The opinion of the court was delivered by: Justice Hutchinson

Defendants, the Department of Revenue (the Department) and Kenneth E. Zehnder, Director of Revenue (Zehnder), appeal from an order of the trial court upon administrative review reversing defendants' decision that plaintiff, Richard's Tire Company, is liable to pay taxes on certain machinery and equipment plaintiff used in the process of manufacturing retread tires. The trial court held that defendants' final administrative decision was against the manifest weight of the evidence. Defendants raise two issues on appeal: (1) whether plaintiff's failure to name the Department as defendant deprived the trial court of jurisdiction, and (2) whether the manufacturing and assembling machinery and equipment exemption in section 3--5(18) of the Use Tax Act (35 ILCS 105/3--5(18)(West 1996)) applied to the machinery and equipment used by plaintiff in producing retread tires. We affirm the order of the trial court.

The administrative hearing record, including Zehnder's decision, reveals the following salient facts. Plaintiff was engaged in the business of retreading motor vehicle tires from 1966 until 1992, when substantially all of its assets were sold and the corporation dissolved. In December 1992 the Department issued a notice of tax liability to plaintiff. The notice stated that plaintiff owed $11,449, which represented unpaid use tax due, plus penalties and interest for the period between July 1989 and December 1991. The Department assessed the use tax on machinery that plaintiff purchased during this period and used to retread tires. Plaintiff filed a timely protest of this assessment and contended that the statutory exemption for manufacturing and assembling machinery and equipment (see 35 ILCS 105/3--5(18) (West 1996)) applied to the machinery.

In October 1994 the Department held an administrative hearing before Administrative Law Judge (ALJ) Alan Osheff. The Department contended that (1) plaintiff's assets were tangible personal property purchased at retail from a retailer; (2) no retailer's occupation tax had been paid to the sellers; and (3) use tax should be imposed. ALJ Osheff allowed into evidence the notice of tax liability and certificate of mailing.

The Department's sole witness was David Wheet, an auditor employed by the Department. Wheet testified that, in reviewing plaintiff's records, he found that plaintiff had purchased certain items of machinery and equipment during the audit period for which no use tax had been paid. Wheet described the process of retreading tires: a customer would bring in a tire casing, and the machines that the Department assessed would be utilized in the process of retreading the casing; when the process was complete, the tire would be returned to the customer. Wheet determined that no sale or lease occurred in this process, and on that basis Wheet concluded that the machinery was taxable. Upon the conclusion of the cross-examination of Wheet, the Department rested its case.
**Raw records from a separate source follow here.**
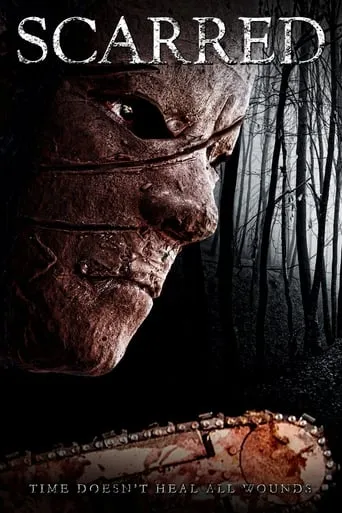 Scarred movie poster - Rated 2.4/10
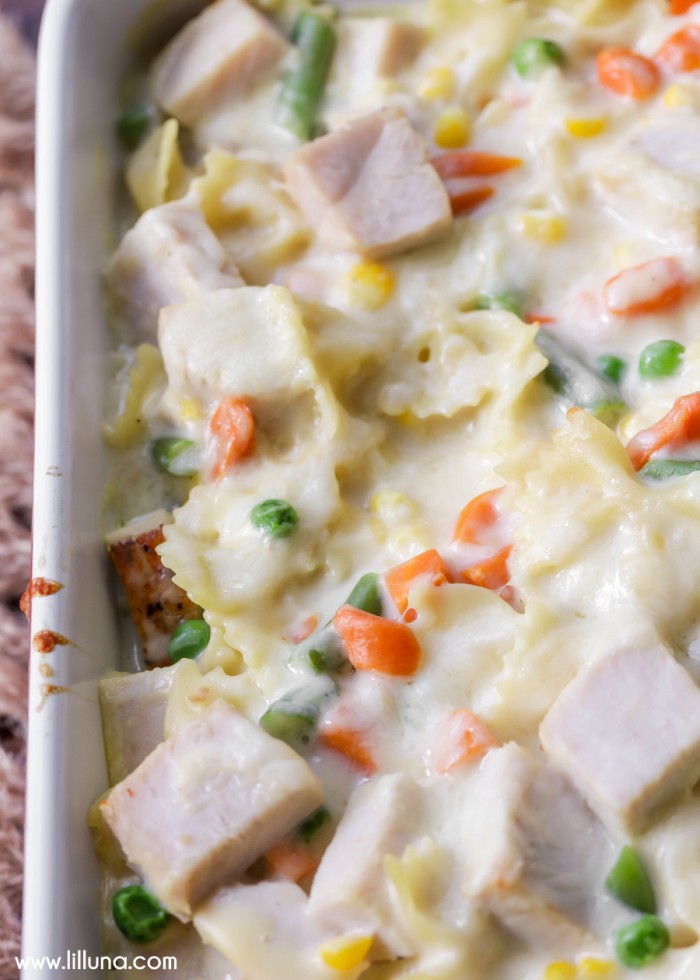Creamy Turkey and Noodles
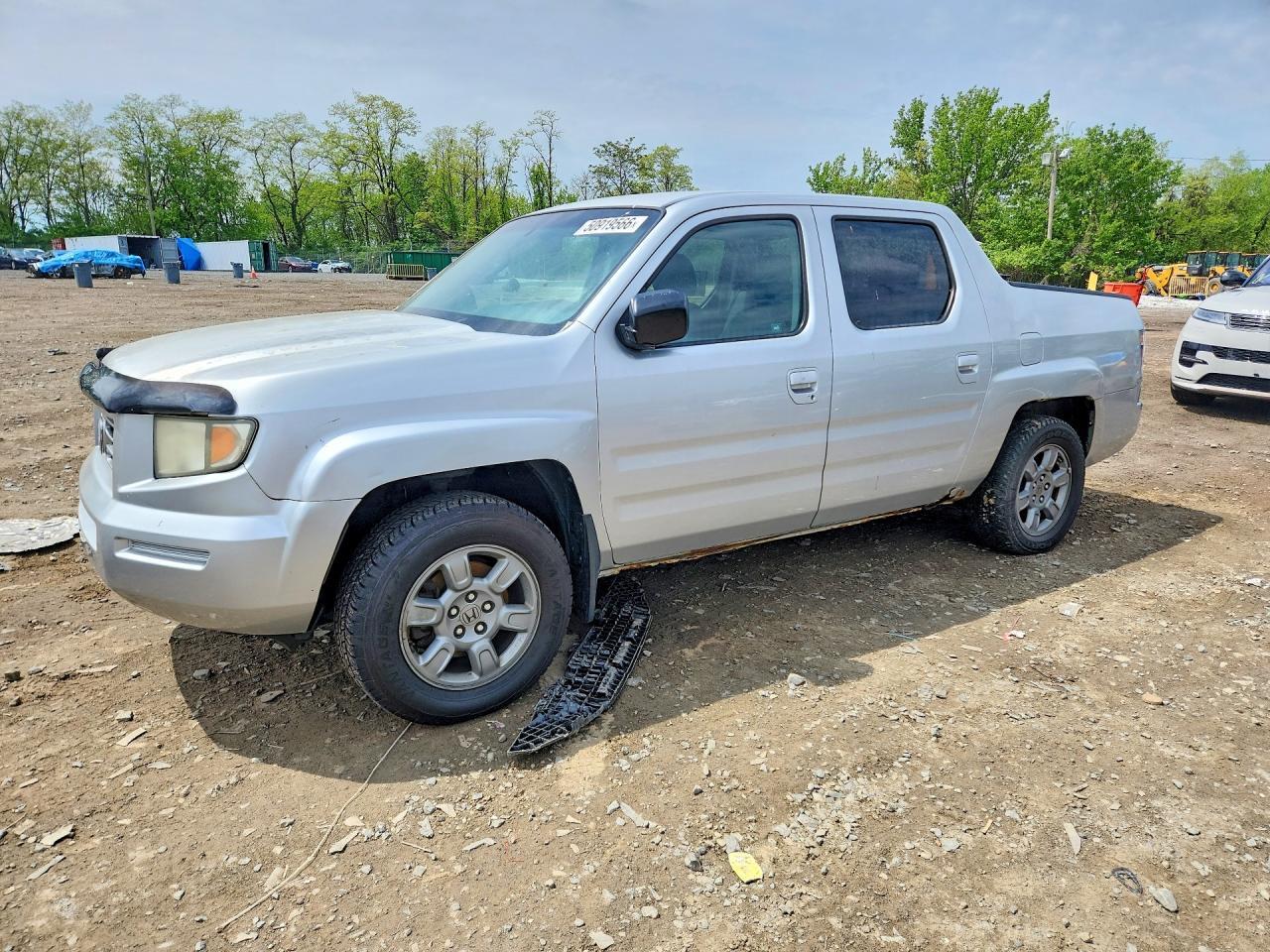 2008 Honda Ridgeline RTX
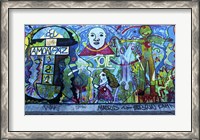 Framed Berlin Wall 2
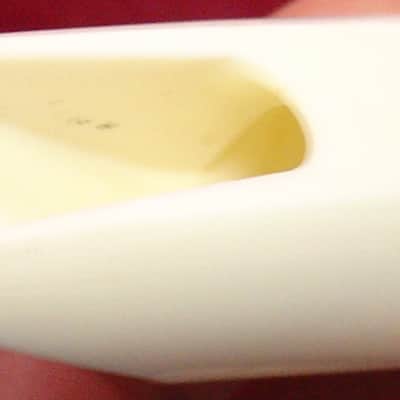 Penzel Mueller "ARTIST" #3 short shank White Alto sax mouthpiece and ligature image 6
Testifying on behalf of plaintiff was Richard Weagley, plaintiff's former president, chief executive officer, secretary-treasurer, and sole stockholder throughout the relevant period. Weagley testified that the machinery and equipment at issue included expandable chuck conversion kits, compressors, a tank, a twin line conversion kit, a tread kit, a buffer, and a builder. All of these items were used to produce a retread tire. The finished products were sold to individual customers or dealers who resold such tires. Weagley explained the pricing structure of selling retreaded tires. Sales tax was not charged to customers who possessed an interstate carrier exemption; sales tax would be charged to end users who were not interstate carriers.

Weagley also explained the retreading process. Tire casings are first procured by plaintiff, a customer, or some other third party; then the casings are inspected. If the tire casing is unsuitable for retreading, it is rejected. If the tire casing is suitable for retreading, it will then be cut down, reshaped, and resurfaced with a buffer. Damaged areas are skived and the resulting holes are refilled with rubber compound. The refurbished casing is then cleaned and, if necessary, repaired. Resized and reconditioned, the casing is next placed on a machine called a "builder," where strips of manufactured cushion gum and tread rubber are cut to size and applied to the casing along with bonding agents. Next, a United States Department of Transportation assigned number is embossed on the tire to identify it as a retread and to show its place of origin. The tire is next mounted on a rim or ring, enclosed in an "envelope," and pressurized. A number of mounted pressurized tires are then inserted into a large curing chamber where, through the application of heat and a pressure differential, a chemical change takes place resulting in the vulcanization of the cushion gum and the integration of the tread rubber with the casing. During Weagley's examination, plaintiff and the Department stipulated that a total of $24,036 representing certain leasehold improvements should not have been assessed and, therefore, should be deleted from plaintiff's tax liability.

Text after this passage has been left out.